▶ Task brief
Read the records that follow and state how many lines hold "Funny", adding nothing else.

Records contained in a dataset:

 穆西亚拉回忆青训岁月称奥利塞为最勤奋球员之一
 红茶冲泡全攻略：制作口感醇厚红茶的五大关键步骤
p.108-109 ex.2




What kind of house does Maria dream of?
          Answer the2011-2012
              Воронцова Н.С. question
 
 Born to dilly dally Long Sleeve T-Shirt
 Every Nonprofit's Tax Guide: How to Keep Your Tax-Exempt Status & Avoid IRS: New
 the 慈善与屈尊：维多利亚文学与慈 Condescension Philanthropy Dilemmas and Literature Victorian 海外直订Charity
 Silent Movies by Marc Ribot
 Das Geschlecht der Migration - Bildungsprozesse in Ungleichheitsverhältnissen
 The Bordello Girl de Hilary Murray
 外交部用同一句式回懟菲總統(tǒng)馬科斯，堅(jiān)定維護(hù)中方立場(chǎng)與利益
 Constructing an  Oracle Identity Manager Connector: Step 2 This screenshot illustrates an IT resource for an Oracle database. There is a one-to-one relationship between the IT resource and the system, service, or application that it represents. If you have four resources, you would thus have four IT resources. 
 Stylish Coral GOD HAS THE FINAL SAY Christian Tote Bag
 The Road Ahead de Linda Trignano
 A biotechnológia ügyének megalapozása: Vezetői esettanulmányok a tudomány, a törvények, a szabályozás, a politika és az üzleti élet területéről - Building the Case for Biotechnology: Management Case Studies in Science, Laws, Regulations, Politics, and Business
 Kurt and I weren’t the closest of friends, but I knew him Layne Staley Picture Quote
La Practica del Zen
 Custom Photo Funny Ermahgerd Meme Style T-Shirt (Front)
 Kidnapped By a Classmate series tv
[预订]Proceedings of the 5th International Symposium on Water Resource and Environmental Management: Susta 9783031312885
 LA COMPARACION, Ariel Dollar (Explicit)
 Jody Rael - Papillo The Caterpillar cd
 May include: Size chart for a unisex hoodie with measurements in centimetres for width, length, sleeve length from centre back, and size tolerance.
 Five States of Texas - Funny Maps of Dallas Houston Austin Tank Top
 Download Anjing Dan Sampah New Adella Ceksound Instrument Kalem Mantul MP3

▶ Solution for this task
2